[Given information Boundary: Start]

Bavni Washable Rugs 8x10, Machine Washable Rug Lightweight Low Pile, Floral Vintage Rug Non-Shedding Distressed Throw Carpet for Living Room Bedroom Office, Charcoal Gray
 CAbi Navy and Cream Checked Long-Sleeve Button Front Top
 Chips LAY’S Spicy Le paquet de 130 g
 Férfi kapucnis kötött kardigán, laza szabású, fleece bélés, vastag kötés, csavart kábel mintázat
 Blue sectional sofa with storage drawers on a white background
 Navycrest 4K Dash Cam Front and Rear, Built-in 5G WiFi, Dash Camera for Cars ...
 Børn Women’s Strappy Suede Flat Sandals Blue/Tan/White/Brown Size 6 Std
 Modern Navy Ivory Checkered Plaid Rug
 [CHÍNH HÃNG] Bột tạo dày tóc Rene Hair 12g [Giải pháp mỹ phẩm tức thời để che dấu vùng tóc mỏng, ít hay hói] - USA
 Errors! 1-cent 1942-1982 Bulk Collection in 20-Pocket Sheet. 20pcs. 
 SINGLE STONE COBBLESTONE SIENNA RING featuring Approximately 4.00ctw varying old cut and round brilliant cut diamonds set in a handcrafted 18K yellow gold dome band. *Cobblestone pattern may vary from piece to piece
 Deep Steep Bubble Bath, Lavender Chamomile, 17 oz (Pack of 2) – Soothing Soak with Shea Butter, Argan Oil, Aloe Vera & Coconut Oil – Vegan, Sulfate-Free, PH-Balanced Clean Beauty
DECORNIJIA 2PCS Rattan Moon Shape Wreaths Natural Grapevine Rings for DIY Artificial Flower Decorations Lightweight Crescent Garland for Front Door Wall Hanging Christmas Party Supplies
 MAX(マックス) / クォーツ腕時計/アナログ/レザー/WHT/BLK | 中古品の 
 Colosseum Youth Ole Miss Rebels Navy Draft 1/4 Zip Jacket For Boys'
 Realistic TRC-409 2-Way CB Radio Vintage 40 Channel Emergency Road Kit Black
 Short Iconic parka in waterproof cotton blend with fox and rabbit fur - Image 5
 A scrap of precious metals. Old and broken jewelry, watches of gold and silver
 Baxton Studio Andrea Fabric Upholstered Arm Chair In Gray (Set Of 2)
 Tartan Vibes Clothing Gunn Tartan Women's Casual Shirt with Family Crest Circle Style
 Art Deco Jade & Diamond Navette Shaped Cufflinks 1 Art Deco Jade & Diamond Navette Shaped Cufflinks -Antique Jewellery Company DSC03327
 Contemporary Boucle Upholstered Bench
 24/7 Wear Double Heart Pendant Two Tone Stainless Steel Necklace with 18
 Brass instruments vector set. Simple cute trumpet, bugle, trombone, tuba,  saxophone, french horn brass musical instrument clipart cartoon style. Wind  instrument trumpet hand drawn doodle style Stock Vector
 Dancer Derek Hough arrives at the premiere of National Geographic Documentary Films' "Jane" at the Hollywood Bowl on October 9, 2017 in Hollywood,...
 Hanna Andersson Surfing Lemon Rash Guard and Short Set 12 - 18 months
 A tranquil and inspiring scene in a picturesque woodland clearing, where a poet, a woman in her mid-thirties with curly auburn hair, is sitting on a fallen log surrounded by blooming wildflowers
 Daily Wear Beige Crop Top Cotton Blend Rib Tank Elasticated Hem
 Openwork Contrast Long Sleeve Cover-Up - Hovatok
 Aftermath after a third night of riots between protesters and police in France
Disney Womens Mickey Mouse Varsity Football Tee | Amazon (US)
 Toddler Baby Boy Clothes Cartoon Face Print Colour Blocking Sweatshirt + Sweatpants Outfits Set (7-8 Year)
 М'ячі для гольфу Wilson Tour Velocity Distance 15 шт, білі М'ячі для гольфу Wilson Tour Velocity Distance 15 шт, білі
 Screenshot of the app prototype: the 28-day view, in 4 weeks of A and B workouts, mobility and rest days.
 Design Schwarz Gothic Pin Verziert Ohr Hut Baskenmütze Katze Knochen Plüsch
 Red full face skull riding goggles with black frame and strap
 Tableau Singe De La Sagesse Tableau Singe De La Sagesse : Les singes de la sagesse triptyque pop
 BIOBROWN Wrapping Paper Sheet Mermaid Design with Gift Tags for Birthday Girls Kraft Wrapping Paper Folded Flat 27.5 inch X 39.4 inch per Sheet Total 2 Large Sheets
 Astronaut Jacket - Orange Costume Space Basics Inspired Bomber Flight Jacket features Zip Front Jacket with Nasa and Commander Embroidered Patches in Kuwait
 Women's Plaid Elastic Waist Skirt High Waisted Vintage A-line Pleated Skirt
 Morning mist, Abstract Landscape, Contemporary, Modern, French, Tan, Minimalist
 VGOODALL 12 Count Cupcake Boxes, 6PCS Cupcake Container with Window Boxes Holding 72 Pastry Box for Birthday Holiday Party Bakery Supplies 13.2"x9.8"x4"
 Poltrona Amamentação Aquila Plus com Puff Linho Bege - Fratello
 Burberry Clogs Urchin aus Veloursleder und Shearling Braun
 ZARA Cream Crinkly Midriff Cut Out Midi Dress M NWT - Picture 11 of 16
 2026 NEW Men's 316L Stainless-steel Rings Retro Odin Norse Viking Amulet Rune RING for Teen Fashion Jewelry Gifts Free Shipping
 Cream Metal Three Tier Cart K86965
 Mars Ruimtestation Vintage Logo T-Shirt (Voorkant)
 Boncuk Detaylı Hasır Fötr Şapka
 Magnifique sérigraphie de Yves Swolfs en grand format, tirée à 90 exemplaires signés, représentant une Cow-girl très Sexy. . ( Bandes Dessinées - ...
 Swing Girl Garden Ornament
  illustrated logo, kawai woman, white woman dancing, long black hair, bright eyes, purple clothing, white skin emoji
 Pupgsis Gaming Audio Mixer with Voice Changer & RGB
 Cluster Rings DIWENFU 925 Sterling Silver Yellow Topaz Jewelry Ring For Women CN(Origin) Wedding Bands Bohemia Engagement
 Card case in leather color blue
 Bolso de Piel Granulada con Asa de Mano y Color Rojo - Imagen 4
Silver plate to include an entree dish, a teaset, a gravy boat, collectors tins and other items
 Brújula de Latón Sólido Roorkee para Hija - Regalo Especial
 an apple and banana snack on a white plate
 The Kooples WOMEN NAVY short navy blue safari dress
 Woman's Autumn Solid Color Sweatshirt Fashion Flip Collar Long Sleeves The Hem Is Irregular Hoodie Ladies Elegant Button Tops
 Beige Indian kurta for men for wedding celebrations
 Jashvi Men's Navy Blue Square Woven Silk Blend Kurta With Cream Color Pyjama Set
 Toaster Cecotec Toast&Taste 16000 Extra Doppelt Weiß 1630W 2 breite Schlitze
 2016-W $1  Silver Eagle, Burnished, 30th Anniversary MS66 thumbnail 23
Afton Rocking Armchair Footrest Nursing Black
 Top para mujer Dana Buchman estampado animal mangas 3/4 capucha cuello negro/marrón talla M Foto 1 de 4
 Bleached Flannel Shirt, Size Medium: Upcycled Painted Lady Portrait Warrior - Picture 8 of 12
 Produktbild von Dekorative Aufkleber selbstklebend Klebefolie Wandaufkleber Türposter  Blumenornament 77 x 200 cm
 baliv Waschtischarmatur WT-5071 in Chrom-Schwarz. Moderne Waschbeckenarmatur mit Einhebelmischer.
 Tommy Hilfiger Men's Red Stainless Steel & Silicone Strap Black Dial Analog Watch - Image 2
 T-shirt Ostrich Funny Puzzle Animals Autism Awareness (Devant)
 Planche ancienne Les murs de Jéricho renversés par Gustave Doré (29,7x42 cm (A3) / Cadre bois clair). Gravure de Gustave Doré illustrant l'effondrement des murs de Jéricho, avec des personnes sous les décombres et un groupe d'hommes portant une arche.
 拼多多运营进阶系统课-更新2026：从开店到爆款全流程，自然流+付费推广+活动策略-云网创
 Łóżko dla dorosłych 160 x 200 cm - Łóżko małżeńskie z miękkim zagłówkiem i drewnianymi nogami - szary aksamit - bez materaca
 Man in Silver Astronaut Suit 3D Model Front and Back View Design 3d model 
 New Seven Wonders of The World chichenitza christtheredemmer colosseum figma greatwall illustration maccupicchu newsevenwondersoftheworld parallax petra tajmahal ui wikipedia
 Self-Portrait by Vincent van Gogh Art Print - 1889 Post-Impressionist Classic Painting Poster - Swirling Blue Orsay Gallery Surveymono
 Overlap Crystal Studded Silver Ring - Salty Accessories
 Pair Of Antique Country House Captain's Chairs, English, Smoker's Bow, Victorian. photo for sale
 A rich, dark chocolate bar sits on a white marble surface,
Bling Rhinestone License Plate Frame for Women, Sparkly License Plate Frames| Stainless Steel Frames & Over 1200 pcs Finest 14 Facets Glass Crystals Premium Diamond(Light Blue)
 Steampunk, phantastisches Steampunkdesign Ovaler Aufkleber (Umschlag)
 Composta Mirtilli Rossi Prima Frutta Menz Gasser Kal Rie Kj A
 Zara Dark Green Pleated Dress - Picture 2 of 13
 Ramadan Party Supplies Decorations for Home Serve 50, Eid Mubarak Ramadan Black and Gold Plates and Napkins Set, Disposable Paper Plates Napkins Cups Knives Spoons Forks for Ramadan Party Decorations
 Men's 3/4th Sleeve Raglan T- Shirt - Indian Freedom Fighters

[Given information Boundary: End]

* Task to carry out
Begin with the line above that has "ZARA Cream Crinkly" and continue through the line that has "The Kooples WOMEN", setting each one down exactly. Stop there.

* Written answer
 ZARA Cream Crinkly Midriff Cut Out Midi Dress M NWT - Picture 11 of 16
 2026 NEW Men's 316L Stainless-steel Rings Retro Odin Norse Viking Amulet Rune RING for Teen Fashion Jewelry Gifts Free Shipping
 Cream Metal Three Tier Cart K86965
 Mars Ruimtestation Vintage Logo T-Shirt (Voorkant)
 Boncuk Detaylı Hasır Fötr Şapka
 Magnifique sérigraphie de Yves Swolfs en grand format, tirée à 90 exemplaires signés, représentant une Cow-girl très Sexy. . ( Bandes Dessinées - ...
 Swing Girl Garden Ornament
  illustrated logo, kawai woman, white woman dancing, long black hair, bright eyes, purple clothing, white skin emoji
 Pupgsis Gaming Audio Mixer with Voice Changer & RGB
 Cluster Rings DIWENFU 925 Sterling Silver Yellow Topaz Jewelry Ring For Women CN(Origin) Wedding Bands Bohemia Engagement
 Card case in leather color blue
 Bolso de Piel Granulada con Asa de Mano y Color Rojo - Imagen 4
Silver plate to include an entree dish, a teaset, a gravy boat, collectors tins and other items
 Brújula de Latón Sólido Roorkee para Hija - Regalo Especial
 an apple and banana snack on a white plate
 The Kooples WOMEN NAVY short navy blue safari dress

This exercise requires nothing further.